Il est rappelé que le travail dissimulé est un délit puni notamment de 3 ans d’emprisonnement et de 45.000 € d’amende (L.8224-1 à l.8224-3 du Code du travail).

La règle selon laquelle nul ne peut se forger de preuve à soi même ne s’applique pas pour étayer une demande en paiement d’heures supplémentaires (Chambre sociale, 18 septembre 2013, n° 12-10025).Une entreprise avait été condamnée à verser à l’un de ses salariés une somme au titre d’heures supplémentaires de travail. L’employeur estimait que nul ne pouvant se constituer de preuve à soi-même, le juge ne peut, pour décider qu’un salarié apporte des éléments de preuve suffisants pour étayer sa demande, se fonder sur des documents unilatéralement établis par celui-ci. La Cour de cassation rejette cette argumentation.

Conclusion

Les salariés d’un atelier, d’un service ou d’une équipe ne travaillent pas selon le même horaire collectif de travail affiché. L’employeur peut enregistrer quotidiennement les heures de début et de fin des périodes de travail, ainsi que la récapitulation du nombre d’heures effectuées par chaque salarié dans la semaine.

Il est aussi possible d'user d'un système de pointage : pointeuse mécaniqueou numérique, badgeuse, pointeuse mobileet pointeuse biométrique. La feuille de pointageconstitue l'enregistrement papier ou numérique des données.

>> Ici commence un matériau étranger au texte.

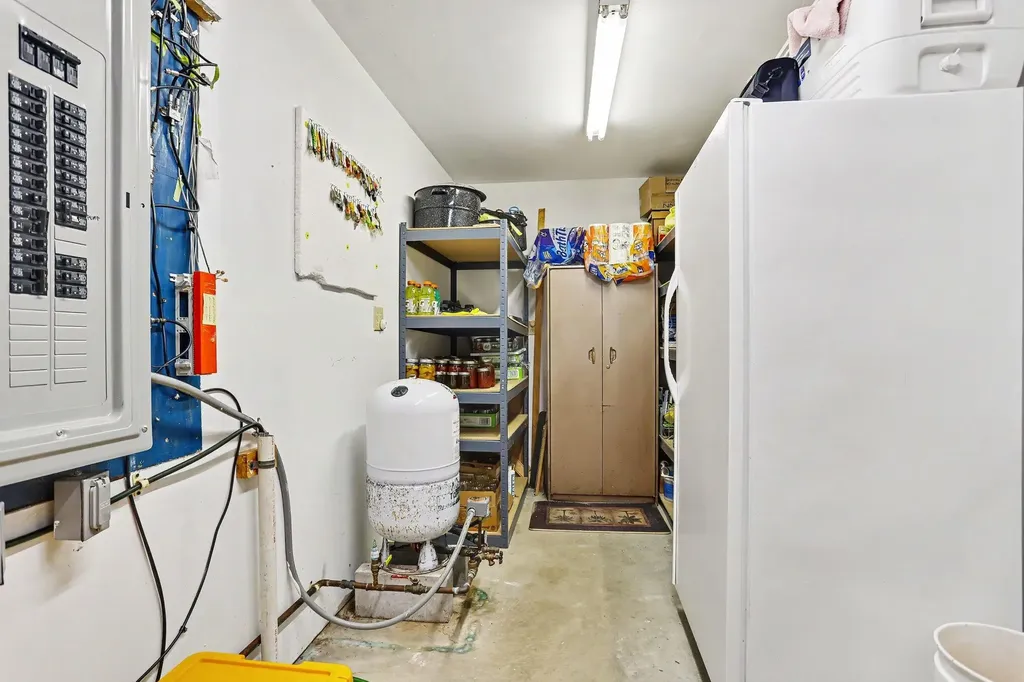 21641 Pine Lake Road Pennfield Charter Township MI 49014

Il faudra au préalable réaliser une déclaration auprès de la CNIL mais aussi consulter les instances représentatives du personnel. C'est ce qu'a rappelé la Cour de cassation dans un arrêt du 2 novembre 2016 (n° 15-20540). À défaut, le système est illicite et les informations qui en résultent ne peuvent pas être produites en justice (à l'appui d'un licenciement par exemple).